1. The Vickrey auction is SP, but it is not GSP. The two agents with the highest values can manipulate by having the second-highest value agent report a lower value. This will not harm the manipulator, but help the winner (at the expense of the auctioneer). The same The Japanese auction (ascending auction) is even obviously strategyproof, but not GSP, due to the same reason.

2. Voting by committees, on the domain of separable preferences over a hypercube of alternatives, the setting characterized by Barberà, Sonnenschein and Zhou. Many rules in this class are SP but admit profitable joint deviations by coalitions. The reason is that separable preferences over several binary issues are not "tightly enough" linked across agents: a coalition whose members have correlated stakes across different issues can trade support—each member conceding on issues they care little about in exchange for a favourable outcome on issues they care about—producing a joint deviation that benefits all of them, even though no member could gain by deviating alone.
== When does SP imply GSP? ==

A strand of research asks when individual SP is already sufficient to guarantee GSP, so that the two coincide.

Le Breton and Zaporozhets introduced a sufficient condition based on the richness of the preference domain. Roughly, a domain is rich if it contains "enough" preferences, connected to one another by small local changes, so that any change of preference can be decomposed into elementary steps to which the strategyproofness condition can be applied. On a rich domain, every individually strategyproof rule (satisfying mild regularity conditions) is GSP. The authors illustrate the result with the problem of allocating a fixed budget among several pure public goods.
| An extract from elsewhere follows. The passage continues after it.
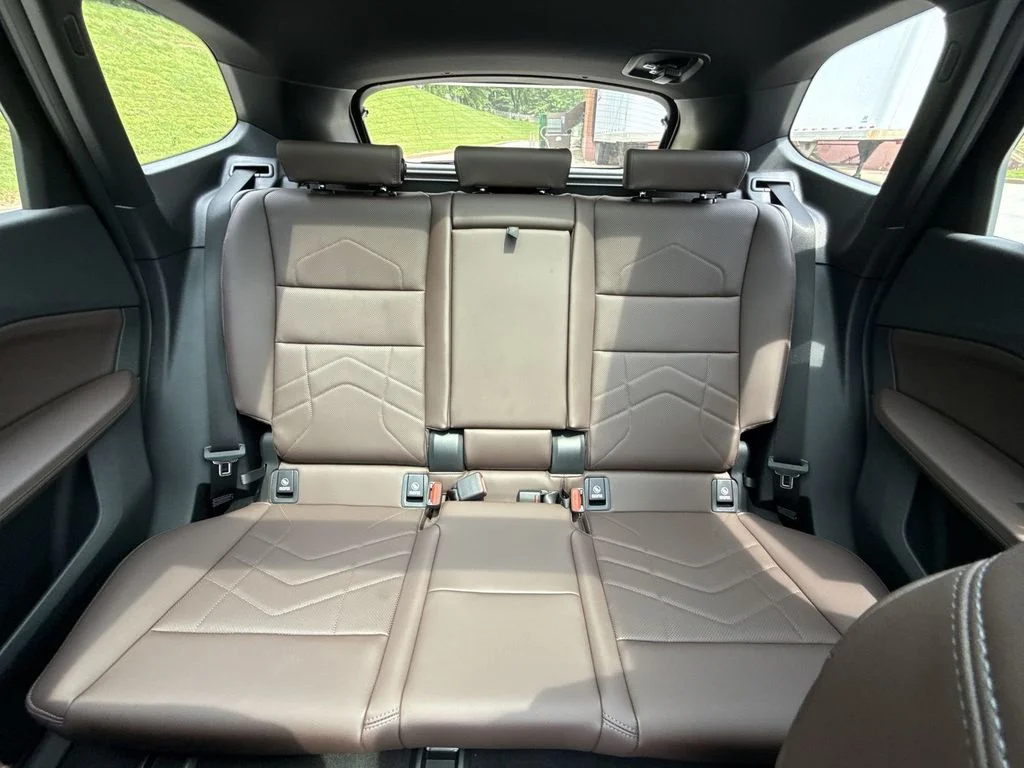 Certified Used 2025 Green BMW xDrive28i image 28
Barberà, Berga and Moreno generalized this with a weaker and more precise condition called sequential inclusion. For a fixed preference profile and an ordered pair of alternatives $y, z$, consider the set of agents who strictly prefer $y$ to $z$, and define a binary relation on this set by comparing agents' lower contour sets: agent $i$ precedes agent $j$ when the set of alternatives $i$ ranks at or below $z$ is contained in the set of alternatives $j$ ranks at or below $y$. The profile satisfies sequential inclusion if, for every pair of alternatives, this relation is complete and acyclic. A domain satisfies the condition if every profile does. On such a domain, individual and group strategyproofness coincide. The condition can fail in two ways: by incompleteness (two agents whose lower contour sets are not nested in either direction) or by cyclicity (a cycle in the relation). Both authors prove that richness in the sense of Le Breton and Zaporozhets is a special case, so the sequential-inclusion framework subsumes the earlier result.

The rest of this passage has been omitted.